_YOUR TASK_
Without including any picture, return the complete set of records exactly.

_RECORDED INFORMATION_
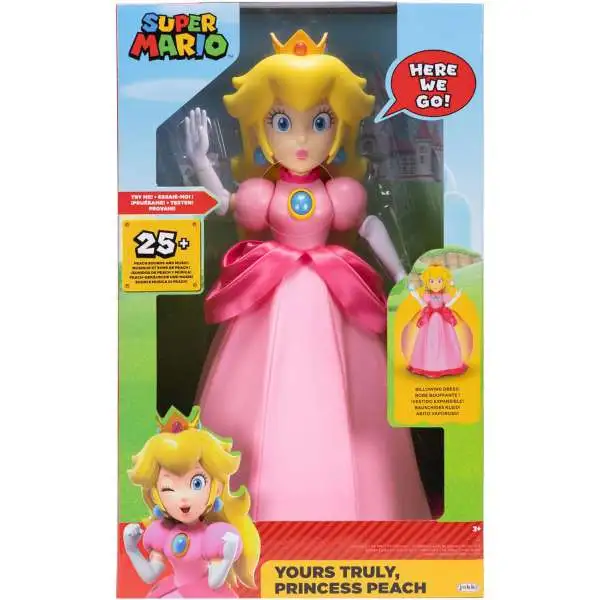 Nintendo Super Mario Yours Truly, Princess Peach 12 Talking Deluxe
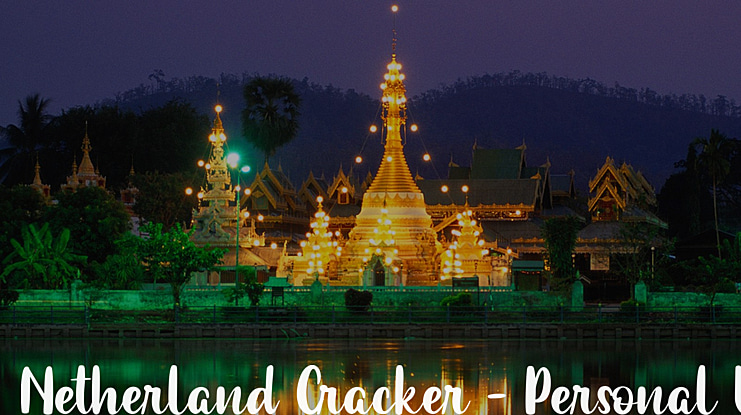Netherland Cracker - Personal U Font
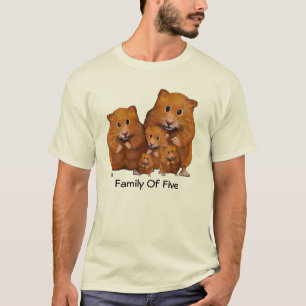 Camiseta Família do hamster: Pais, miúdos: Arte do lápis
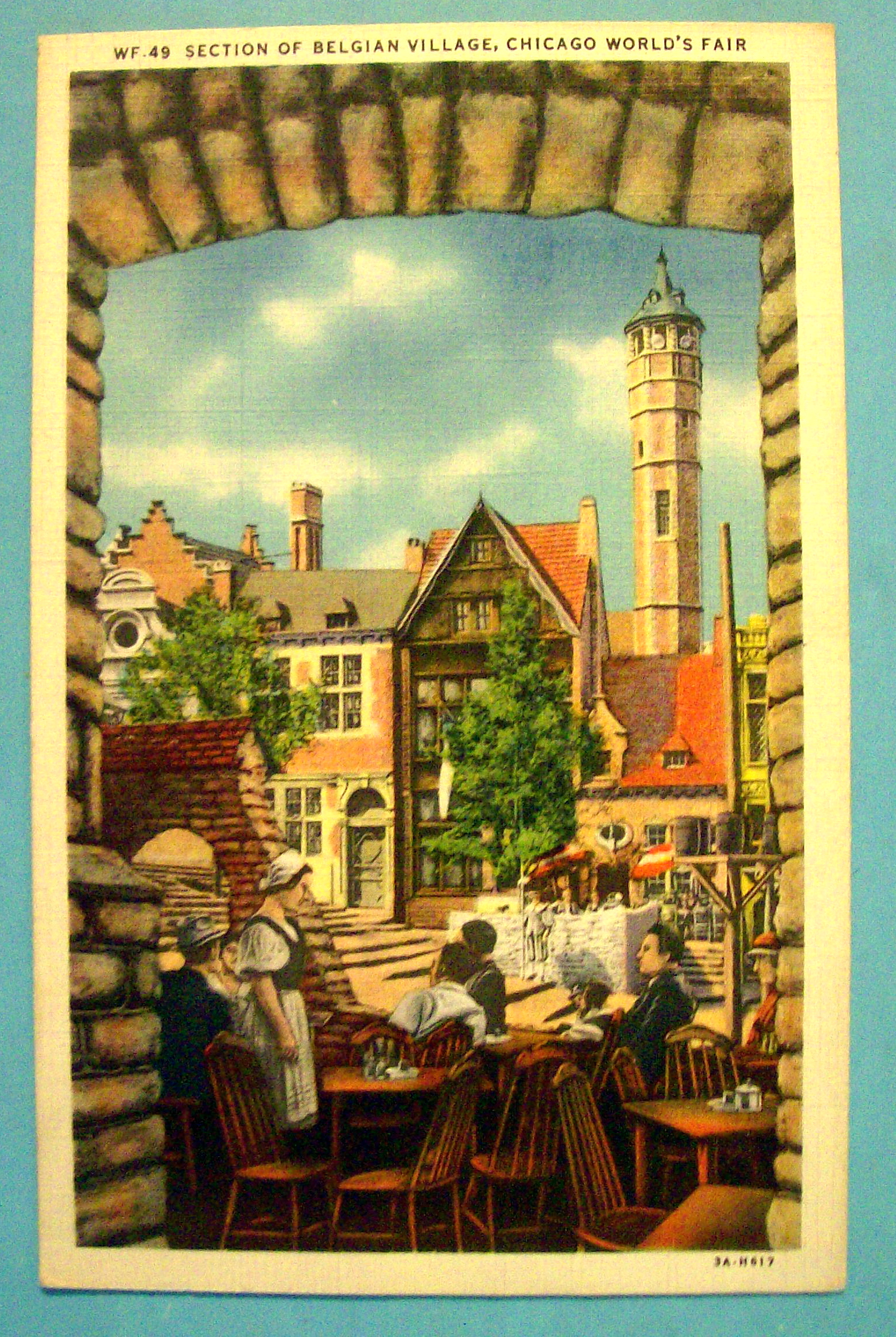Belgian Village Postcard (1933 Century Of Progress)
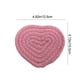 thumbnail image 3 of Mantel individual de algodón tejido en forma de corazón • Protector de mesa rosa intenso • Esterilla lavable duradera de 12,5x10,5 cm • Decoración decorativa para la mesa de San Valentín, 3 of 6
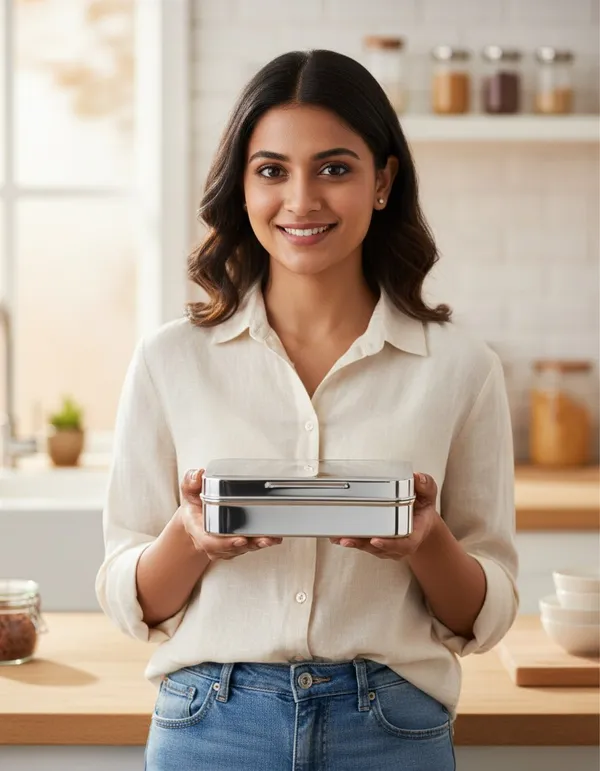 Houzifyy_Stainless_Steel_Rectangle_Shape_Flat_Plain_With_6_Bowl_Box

_WORKED SOLUTION_
 Nintendo Super Mario Yours Truly, Princess Peach 12 Talking Deluxe
Netherland Cracker - Personal U Font
 Camiseta Família do hamster: Pais, miúdos: Arte do lápis
Belgian Village Postcard (1933 Century Of Progress)
 thumbnail image 3 of Mantel individual de algodón tejido en forma de corazón • Protector de mesa rosa intenso • Esterilla lavable duradera de 12,5x10,5 cm • Decoración decorativa para la mesa de San Valentín, 3 of 6
 Houzifyy_Stainless_Steel_Rectangle_Shape_Flat_Plain_With_6_Bowl_Box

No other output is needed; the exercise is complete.